Live365 filed the motion for a preliminary injunction Sept. 2 in an attempt to halt the board’s Webcasting III proceedings, which will determine royalty rates from 2011 to 2015.
As Live365 sees it, the three judges’ relative independence and wide-ranging authority to direct billions of dollars between broadcasters and copyright holders through their decisions makes them “principal officers,” as opposed to “inferior officers.” Under the appointments clause of the U.S. Constitution, principal officers must be appointed by the president.
In addition, Live365 argues the appointments are unconstitutional even if the judges are inferior officers because the Librarian of Congress is a member of the legislative, not executive, branch.
In his 32-page opinion, Senior U.S. District Judge Reggie Walton rejected a preliminary injunction because, among other reasons, he did not find that Live365 was likely to prevail on the merits of either of its arguments.

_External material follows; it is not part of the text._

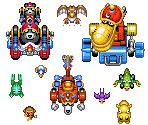 Stage 1 Enemies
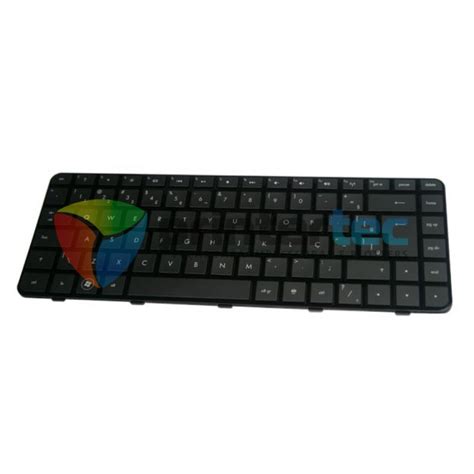 Teclado Hp Dv Series Black Br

However, Walton acknowledged concerns raised by Judge Brett Kavanaugh of the U.S. Court of Appeals for the D.C. Circuit in a separate case in July 2008. Walton wrote that the appointments clause is murky, concluding that it has “essentially created a gray area where cases will inevitably fall due to the case-by-case analysis lower courts are required to conduct as a result of the limited guidance the Framers of the Constitution provide.”
Walton also rejected a motion to dismiss for lack of subject matter jurisdiction by the royalty board, which argued that the case should have gone straight to the D.C. Circuit.
Although appeals of the royalty board’s decisions go directly to the appeals court, Walton wrote that this case belonged in the district court because it was a facial challenge to the board’s authority.